### Dataset excerpt
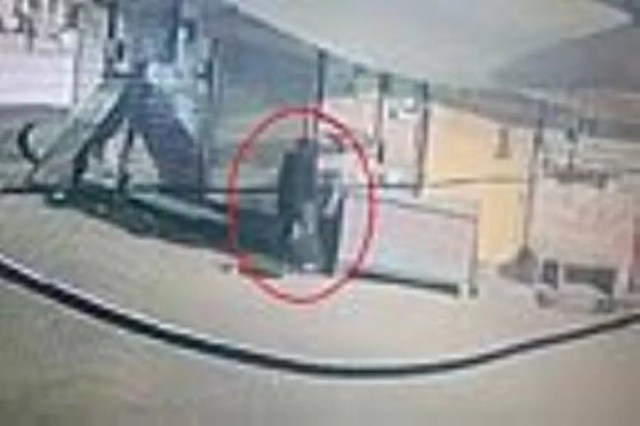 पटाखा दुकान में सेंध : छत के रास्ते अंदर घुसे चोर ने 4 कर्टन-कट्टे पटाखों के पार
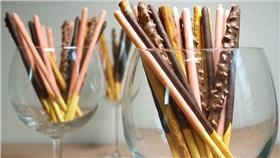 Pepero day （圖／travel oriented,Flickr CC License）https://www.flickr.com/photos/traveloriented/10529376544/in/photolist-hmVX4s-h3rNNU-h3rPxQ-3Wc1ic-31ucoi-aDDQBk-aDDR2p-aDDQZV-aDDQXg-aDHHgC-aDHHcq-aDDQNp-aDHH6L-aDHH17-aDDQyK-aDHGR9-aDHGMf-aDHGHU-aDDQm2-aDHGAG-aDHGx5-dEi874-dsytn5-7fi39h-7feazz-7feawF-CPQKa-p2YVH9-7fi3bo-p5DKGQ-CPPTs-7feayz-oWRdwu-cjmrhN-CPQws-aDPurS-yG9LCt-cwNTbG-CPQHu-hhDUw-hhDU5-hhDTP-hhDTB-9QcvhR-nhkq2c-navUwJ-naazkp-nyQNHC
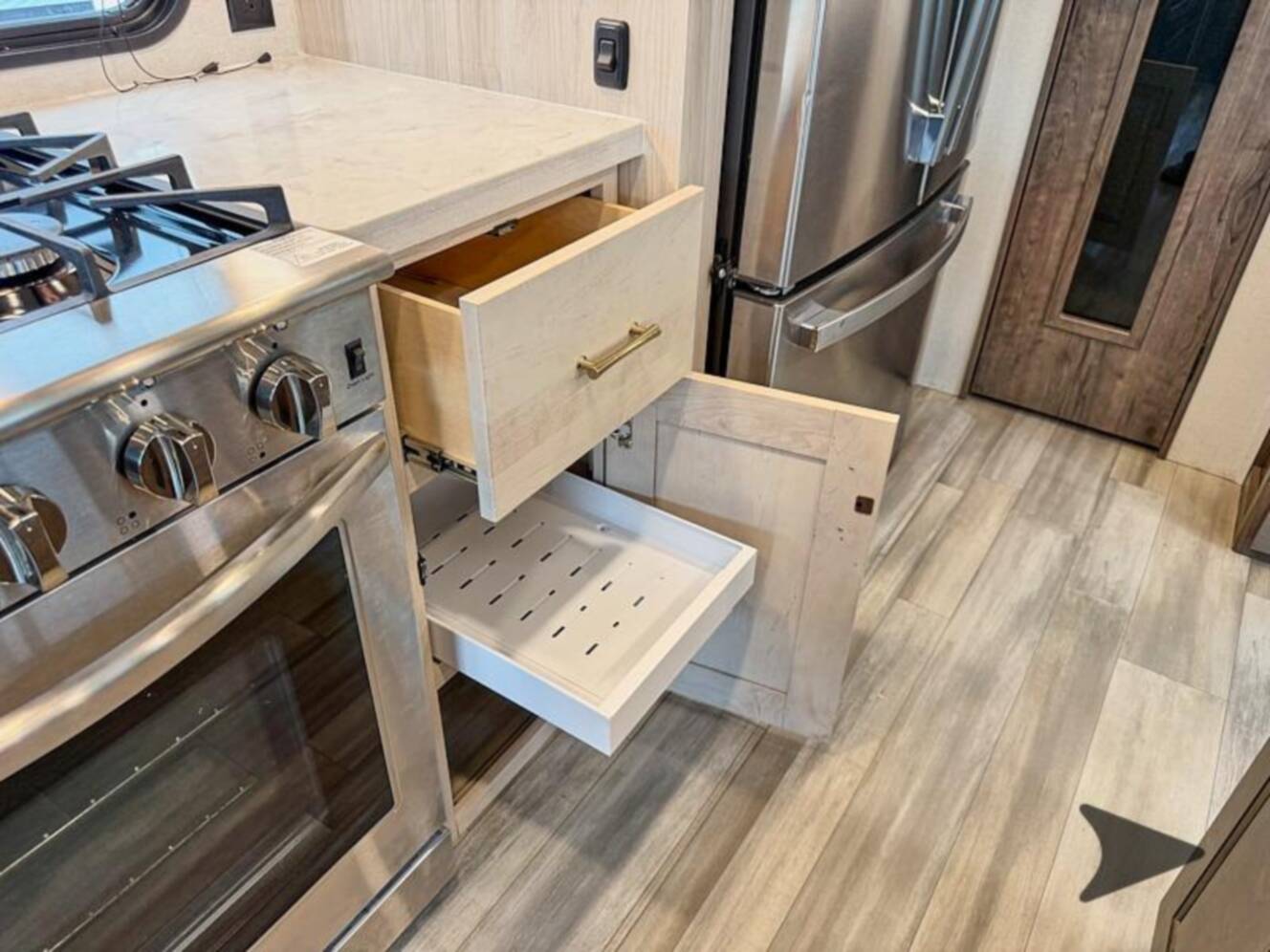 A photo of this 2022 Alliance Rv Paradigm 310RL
######
▸ **Task description**:
Every line of the listing must be reproduced exactly, though the pictures are to be left out.

▸ **Finished exercise**:
 पटाखा दुकान में सेंध : छत के रास्ते अंदर घुसे चोर ने 4 कर्टन-कट्टे पटाखों के पार
 Pepero day （圖／travel oriented,Flickr CC License）https://www.flickr.com/photos/traveloriented/10529376544/in/photolist-hmVX4s-h3rNNU-h3rPxQ-3Wc1ic-31ucoi-aDDQBk-aDDR2p-aDDQZV-aDDQXg-aDHHgC-aDHHcq-aDDQNp-aDHH6L-aDHH17-aDDQyK-aDHGR9-aDHGMf-aDHGHU-aDDQm2-aDHGAG-aDHGx5-dEi874-dsytn5-7fi39h-7feazz-7feawF-CPQKa-p2YVH9-7fi3bo-p5DKGQ-CPPTs-7feayz-oWRdwu-cjmrhN-CPQws-aDPurS-yG9LCt-cwNTbG-CPQHu-hhDUw-hhDU5-hhDTP-hhDTB-9QcvhR-nhkq2c-navUwJ-naazkp-nyQNHC
 A photo of this 2022 Alliance Rv Paradigm 310RL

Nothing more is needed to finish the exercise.